Independente da origem, o whisky se disseminaria em ambas as regiões ao longo dos séculos XVI e XVII, mas sem grandes evoluções tecnológicas e sempre em escala artesanal. O primeiro registro de uma destilaria que produzia a bebida em escala comercial data de 1690, mencionando uma certa destilaria Ferintosh, sobre a qual há poucas informações. Foi no mesmo século, em 1644, que foram introduzidos os primeiros impostos sobre a bebida, o que fomentou a produção ilegal.
Século XVIII: a era das destilarias ilegais
Ao longo dos anos 1700, a produção de whisky crescia na Escócia e na Irlanda, com destilarias ainda relativamente pequenas, mas que já produziam visando o lucro. Contudo, as rígidas leis escocesas e a cobrança de impostos resultaram na proliferação das destilarias ilegais, que, segundo estimativas, respondiam por metade da produção em toda a Escócia em 1820.
O contrabando de whisky destilado ilegalmente e as tentativas das autoridades de coibirem a prática são descritas em um artigo da Scotch Whisky Association como “um jogo de gato e rato”, no qual os produtores irregulares e os contrabandistas sempre encontravam novas formas de burlar a legislação.

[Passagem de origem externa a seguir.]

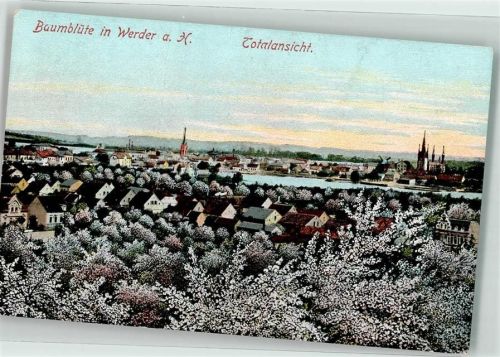 Werder Baumblüte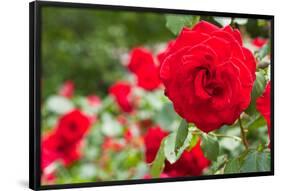 Roses in Bloom Washington DC Photo Print Poster-null-Framed Poster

A questão fiscal pressionava as grandes destilarias legalizadas a utilizarem produtos de baixa qualidade, com pouca cevada maltada e muitos cereais não maltados mais baratos, além de apressarem o processo de produção do whisky, de forma a reduzir os custos para conseguir pagar as elevadas taxas cobradas pelo fisco, resultando em um produto de péssima qualidade que não agradava os consumidores.
Em contrapartida, o whisky produzido pelas destilarias ilegais, majoritariamente situadas na região norte da Escócia, utilizava muito mais malte em sua composição e adotavam processos mais sofisticados, oferecendo um produto de qualidade muito superior, uma vez que não era preciso pagar as pesadas taxas às quais estavam sujeitos seus concorrentes que seguiam a lei. Por se tratar de um mercado ilegal, era comum que a violência fosse empregada pelos produtores e distribuidores de whisky ilícito para assegurar seus interesses, demandando uma resposta das autoridades.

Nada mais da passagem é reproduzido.